Ferris Bueller tells us to “go home, it’s over.” The stage manager explains what is about to happen in Our Town. Hamlet acknowledges that we’re watching. All examples when the fourth wall is broken: when a character in a show speaks directly to us. Their eyes meet ours and we are no longer pious spectators. We participate. Our reaction speaks back to them.
Cooking is performance art. And yet it’s a hidden drama. For unless you have the chef’s table, the music of the sizzling stove, the timpani of metal bowls or the percussing of dancing knives happens out of range.
We dine on finished product. Artfully laid out. Resting on bone china. All of the slips and the slops wiped clean. Crumbs dusted. Undesired trimmed away.
That is, until Paul Qui takes the stage. On his whim, he may present the chaos of cooking table-side. Much as he did with seared seabream on white oak.
The waiter arrives with a smile below his face caterpillar. He carries a split log. The center of which a bit more shallow. It forms a channel. On one end, smoldering bits of white oak, hot from the oven. On the other end, white fish sliced like sashimi lounging on a banana leaf.
Beside the log, the waiter places a shallow bowl of soy and vinegar. Olive oil pools in droplets of various sizes.
Then carefully the waiter tweezers fish onto hot embers. Smoke rises like the Ghost of Christmas past. Grins appear around the table. Smartphones flicker their flashes and memories are recorded.
No sooner than all five pieces are laid, the kitchen ambassador removes fish in the same order. Cooking time remains under 20 seconds. They are singed on only one side.
Into the dressing, seared side up. Then decorated with shaved shallots and small flowers.
Then the mustache exits with his tools and his log stove.
This is Paul Qui’s imagination wagging it’s tail. He chooses to expose food alchemy in the dining room. He speaks to his diners directly. Into their faces the smoke rises. Into their eyes does translucent fish become charred and opaque.
These diners began tasting the very minute the tree landed on the table.
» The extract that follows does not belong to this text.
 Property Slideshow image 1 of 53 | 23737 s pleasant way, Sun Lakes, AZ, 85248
House of Cards did not invent “breaking of the fourth wall” any more than Shakespeare. It’s a theatrical device used since Ancient Greece. It is a means to reveal the inner thoughts of characters. It is a means to firmly plant the audience in the conspiracy of events. Even if those events are but a metaphor. Even if only in the minds of creator and consumer.
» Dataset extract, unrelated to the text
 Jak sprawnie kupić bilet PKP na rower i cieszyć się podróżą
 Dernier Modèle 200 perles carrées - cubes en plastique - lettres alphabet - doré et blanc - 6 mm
Every open kitchen is a blatant invitation for dialogue. For the chef to pull diners into the process.
Dancers in whitecoats spinning plates. Hands in and out of heat. Tame the hissing and the gurgling and the clicking. Masters of their own station. Yet those very same gifts come together to form a single narrative for a party of 2, 4 or maybe 8.
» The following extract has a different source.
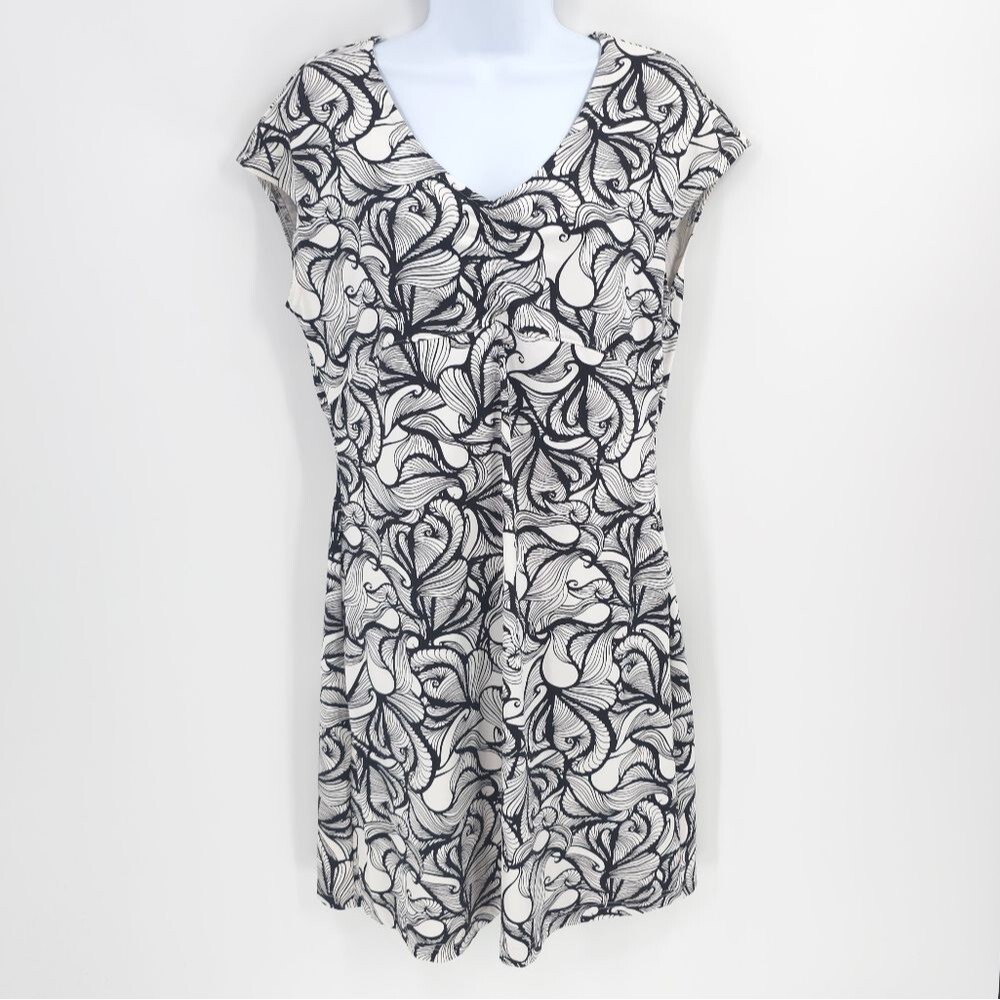 Title Nine Amelia Dress Athleisure Black Cream Travel Pickleball Tennis Hiking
Whether you walk past the open kitchen of Salty Sow or wink at Josh at Pieous, the effect is the same. You acknowledge each other. From actor to audience and back.
This play is for us.
The transpiring, the transforming and the transfixing may begin with the hand of the author. However it is the open mind of the participant which ends the chapter.
Now that much is revealed, how will you tear down that wall in your own space?
Do it now while the curtain is still up and they have not left their seats.